■ TASK BRIEF:
The word "sale" occurs in some lines of the data. Return each such line.

★ ★ ★ ★ ★

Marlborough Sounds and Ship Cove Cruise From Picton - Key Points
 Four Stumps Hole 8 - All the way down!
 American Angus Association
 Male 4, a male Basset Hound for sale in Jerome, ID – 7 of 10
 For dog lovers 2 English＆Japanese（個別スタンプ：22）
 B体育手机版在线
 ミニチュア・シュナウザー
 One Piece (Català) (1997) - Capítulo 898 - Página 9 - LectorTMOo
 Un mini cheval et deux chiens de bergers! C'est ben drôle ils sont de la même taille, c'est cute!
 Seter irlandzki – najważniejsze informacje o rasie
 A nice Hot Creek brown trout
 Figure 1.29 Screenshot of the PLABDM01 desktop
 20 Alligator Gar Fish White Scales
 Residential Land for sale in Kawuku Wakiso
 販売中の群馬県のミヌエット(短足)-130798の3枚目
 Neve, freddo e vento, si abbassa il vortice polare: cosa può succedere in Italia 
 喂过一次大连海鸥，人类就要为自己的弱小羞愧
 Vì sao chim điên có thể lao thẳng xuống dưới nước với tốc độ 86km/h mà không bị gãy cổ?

★ ★ ★ ★ ★

■ TASK RESULT:
 Male 4, a male Basset Hound for sale in Jerome, ID – 7 of 10
 Residential Land for sale in Kawuku Wakiso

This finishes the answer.